One very effective solution that would eliminate issues with decision-making by judges would be to legislate ceilings for additional advance payments. These could be based on the size of the debtor, similarly to how the initial advance is regulated.
In this approach, the additional advance required to continue the bankruptcy proceedings would be determined by the category of the debtor (i.e., whether it is a micro-enterprise or a small, medium-sized, or large business). The ceilings would not necessarily have to be identical to those for initial advances. That being said, care ought to be taken to find a satisfactory solution that would reduce the potential gap between the high amounts of bankruptcy advances and their economic justification for creditors.
One option here would be to limit the additional advance to, for instance, no more than three times the ceiling for the initial advance payment. For example, a judge could seek an advance of no more than 150,000 dinars (about 1,275 euros) for a bankrupt micro-enterprise. The relevant consideration here is understanding whether it is justified to assess additional advances in amounts several times higher than initial ones. If 50,000 dinars is sufficient to cover the costs of advertising, notifications, retaining a bankruptcy administrator, and securing assets, one may well ask what further steps in a bankruptcy proceedings warrant the additional expenditure of, say, 400,000 or 500,000 dinars (roughly between 3,000 and 4,000 euros), especially as the bankruptcy administrator has already taken nearly all the actions they felt necessary.
The Bankruptcy Law could also be amended to introduce requirements for bankruptcy administrators that could improve the position of creditors.

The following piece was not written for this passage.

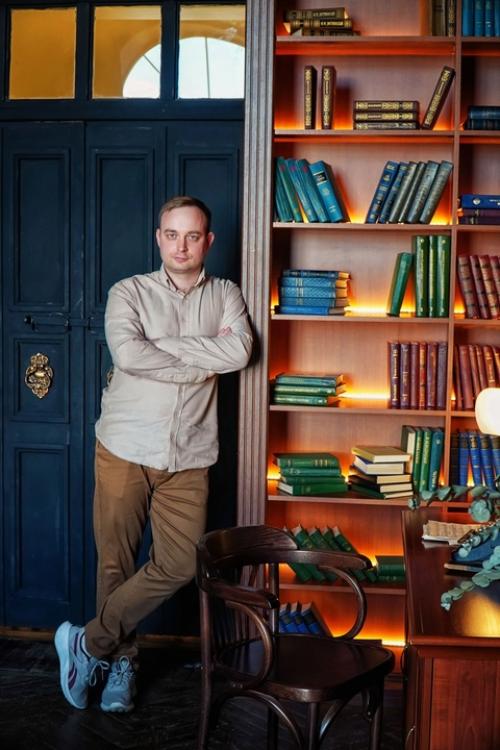 Повышаю свою квалификацию и делаю фото возле книг. 01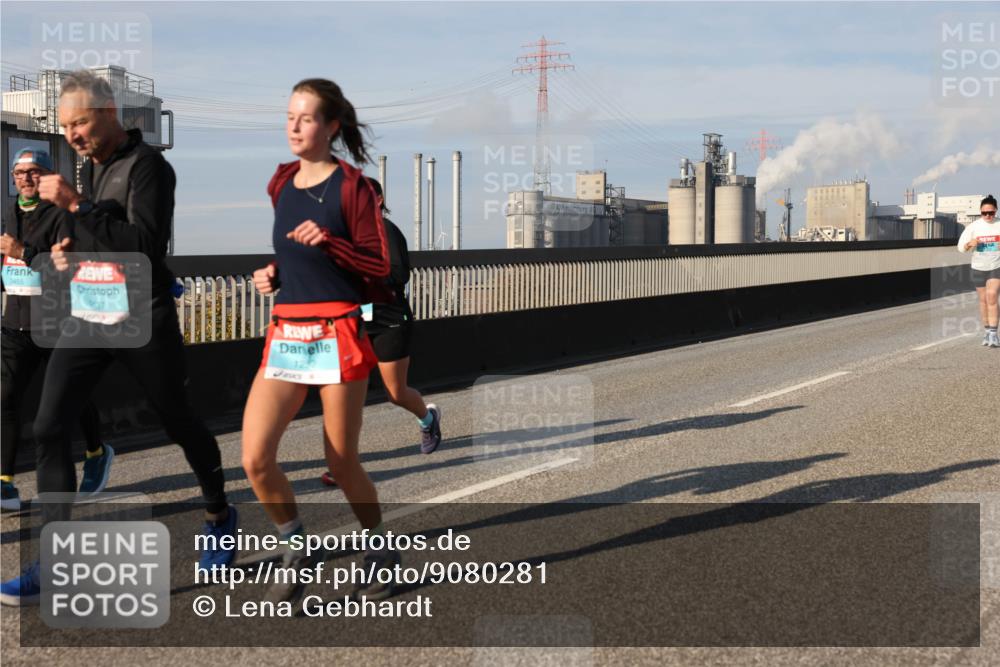 03.10.2025 - Köhlbrandbrückenlauf Lena Gebhardt http://msf.ph/oto/9080281 03.10.2025 10:03:45 Position 2 837, 122 meine-sportfotos.de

Here, as judges often consult bankruptcy administrators and frequently rely on their estimates when assessing advances, the Law could mandate that bankruptcy administrators submit a duly justified report, containing an exhaustive list of further actions to be taken in the bankruptcy proceedings with a breakdown of costs, which would then inform the judge’s decision.
This arrangement would prevent bankruptcy administrators from making broad-based estimates of future costs, and preclude bankruptcy judges’ rulings from relying on such approximations. At the same time, as any additional costs would be substantiated, creditors would benefit from more certainty and transparency in decision-making as to any additional advances required to continue bankruptcy proceedings. In sum, the current Bankruptcy Law can be amended to address emerging issues identified in practice. What is required is identifying these situations, which often arise in actual cases, and proposing potential solutions that could help the legislator regulate these matters more clearly.